Short descriptive text snippets
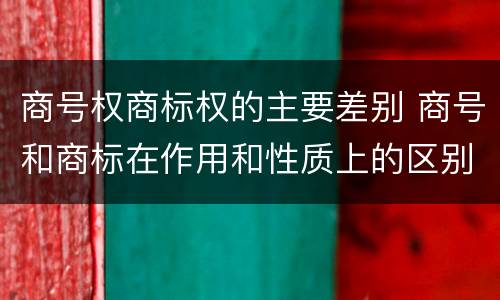 商号权商标权的主要差别 商号和商标在作用和性质上的区别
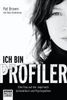 Pat Brown: Ich bin Profiler, eBook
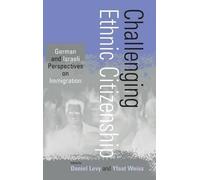 Yfaat Weiss Challenging Ethnic Citizenship (Copertina rigida)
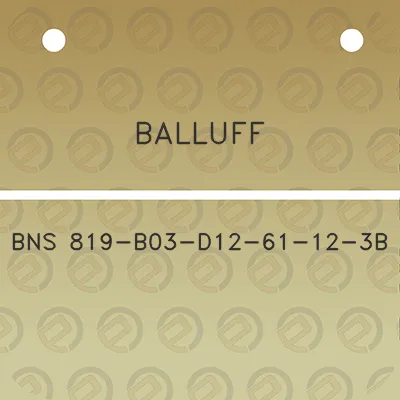 balluff-bns-819-b03-d12-61-12-3b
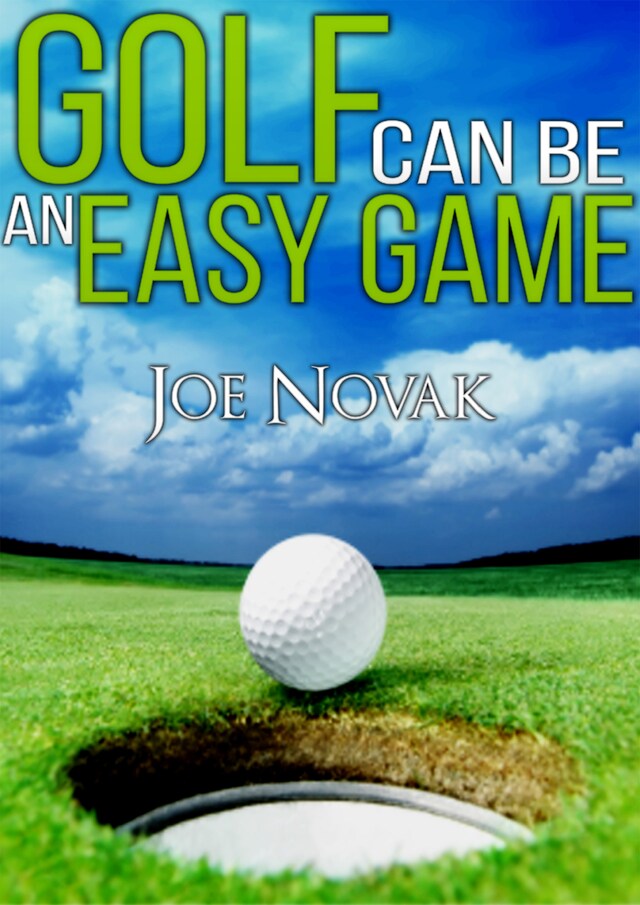 Kirjankansi teokselle GOLF can be an EASY GAME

_TASK DESCRIPTION:_
Output, exactly and without pictures, the lines above that run from the one containing "balluff-bns-819-b03-d12-61-12-3b" through the last line of the entries, inclusive.

_SOLUTION TO THIS EXERCISE:_
 balluff-bns-819-b03-d12-61-12-3b
 Kirjankansi teokselle GOLF can be an EASY GAME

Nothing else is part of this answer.